1. Graph Theory + Web Structure
=> node or vertex is page / directed edge or arc is link
=> Web Graph ~ directed graph that is formed by webpages and their hyperlinks
http://webgraph.di.unimi.it/
2. Graph Terminology
- Network size: total number of vertices (N)
- Distance between two vertices (v and v'): shortest path between the pair
- Diameter of a network: longest distance between any two vertices
- Average-case diameter
- Degree of vertex: number of edges connected to v
- Density of network: ratio of edges to vertices
3. Graph Importance Measures
- Four types of centrality (Central as in important or vital)

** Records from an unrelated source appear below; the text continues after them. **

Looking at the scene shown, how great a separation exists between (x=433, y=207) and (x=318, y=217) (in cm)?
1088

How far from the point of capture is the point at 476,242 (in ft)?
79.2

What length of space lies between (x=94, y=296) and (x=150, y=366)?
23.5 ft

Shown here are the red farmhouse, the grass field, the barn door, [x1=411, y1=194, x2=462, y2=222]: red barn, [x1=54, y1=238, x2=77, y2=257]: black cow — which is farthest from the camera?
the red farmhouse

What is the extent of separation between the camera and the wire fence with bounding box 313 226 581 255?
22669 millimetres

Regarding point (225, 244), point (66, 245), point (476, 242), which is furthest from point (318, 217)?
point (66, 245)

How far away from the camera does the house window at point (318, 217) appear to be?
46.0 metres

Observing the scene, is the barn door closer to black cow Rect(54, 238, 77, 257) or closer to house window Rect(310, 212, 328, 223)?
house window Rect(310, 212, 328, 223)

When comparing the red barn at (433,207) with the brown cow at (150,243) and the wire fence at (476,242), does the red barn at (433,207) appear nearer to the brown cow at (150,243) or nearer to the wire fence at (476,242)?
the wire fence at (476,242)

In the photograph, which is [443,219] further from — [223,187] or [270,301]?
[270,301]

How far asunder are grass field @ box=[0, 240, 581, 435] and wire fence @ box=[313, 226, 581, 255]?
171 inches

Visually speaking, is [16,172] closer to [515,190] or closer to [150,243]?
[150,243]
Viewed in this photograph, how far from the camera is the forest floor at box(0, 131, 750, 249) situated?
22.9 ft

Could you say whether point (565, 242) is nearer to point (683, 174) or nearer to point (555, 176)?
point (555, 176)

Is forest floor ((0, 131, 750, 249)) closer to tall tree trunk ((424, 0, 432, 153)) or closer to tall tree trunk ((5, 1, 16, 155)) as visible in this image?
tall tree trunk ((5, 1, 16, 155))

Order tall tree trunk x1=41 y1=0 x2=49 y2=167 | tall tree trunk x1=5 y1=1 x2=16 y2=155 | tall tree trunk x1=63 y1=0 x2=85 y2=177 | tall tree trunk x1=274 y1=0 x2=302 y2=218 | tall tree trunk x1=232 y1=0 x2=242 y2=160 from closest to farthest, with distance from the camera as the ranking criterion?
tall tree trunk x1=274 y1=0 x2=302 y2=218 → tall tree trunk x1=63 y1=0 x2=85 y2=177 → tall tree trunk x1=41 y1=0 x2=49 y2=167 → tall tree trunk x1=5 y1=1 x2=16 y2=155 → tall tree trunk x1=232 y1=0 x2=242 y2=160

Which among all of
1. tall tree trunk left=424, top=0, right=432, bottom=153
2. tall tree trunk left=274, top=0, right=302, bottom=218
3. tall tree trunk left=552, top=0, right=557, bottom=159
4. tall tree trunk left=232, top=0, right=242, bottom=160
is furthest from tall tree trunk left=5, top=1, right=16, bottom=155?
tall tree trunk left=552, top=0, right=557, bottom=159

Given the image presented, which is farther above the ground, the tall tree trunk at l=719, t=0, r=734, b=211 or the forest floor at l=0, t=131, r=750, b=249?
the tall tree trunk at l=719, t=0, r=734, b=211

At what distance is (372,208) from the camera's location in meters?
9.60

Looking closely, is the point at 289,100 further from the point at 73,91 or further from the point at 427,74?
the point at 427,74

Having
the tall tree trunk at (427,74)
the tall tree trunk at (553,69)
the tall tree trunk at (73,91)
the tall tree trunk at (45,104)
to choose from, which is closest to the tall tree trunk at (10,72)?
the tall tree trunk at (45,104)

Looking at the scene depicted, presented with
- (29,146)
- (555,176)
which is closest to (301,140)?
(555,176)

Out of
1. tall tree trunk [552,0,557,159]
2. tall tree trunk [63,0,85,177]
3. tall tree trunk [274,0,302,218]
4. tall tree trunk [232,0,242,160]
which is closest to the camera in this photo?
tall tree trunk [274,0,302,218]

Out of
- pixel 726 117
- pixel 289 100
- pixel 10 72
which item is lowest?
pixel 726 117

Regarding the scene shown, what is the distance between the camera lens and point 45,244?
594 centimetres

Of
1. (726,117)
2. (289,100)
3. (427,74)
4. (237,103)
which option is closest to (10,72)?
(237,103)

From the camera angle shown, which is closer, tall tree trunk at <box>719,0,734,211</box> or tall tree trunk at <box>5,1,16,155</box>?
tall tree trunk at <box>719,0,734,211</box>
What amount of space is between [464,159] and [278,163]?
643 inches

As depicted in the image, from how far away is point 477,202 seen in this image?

* Degree Centrality: how many edges does a vertex v have?
* Betweeness Centrality: how many pairs of nodes is v between?
* Closeness Centrality: how quickly a message can travel from one node to the whole graph?
* Eigenvector Centrality: the connection of a vertex v to the important node in the network
https://networkx.github.io/documentation/development/reference/algorithms.centrality.html
4. Degree Distribution
- Normal distribution: The average degree is most likely. Very high and very low degrees are highly unlikely.
- Power law distribution: No meaningful average degree. Very low degrees are likely, but very high degrees are likely in aggregate.
* Power law networks: Some nodes have a tremendous number of connections to other nodes (hubs)
=> popular nodes can have millions of links: the network appears to have no scale (no limit)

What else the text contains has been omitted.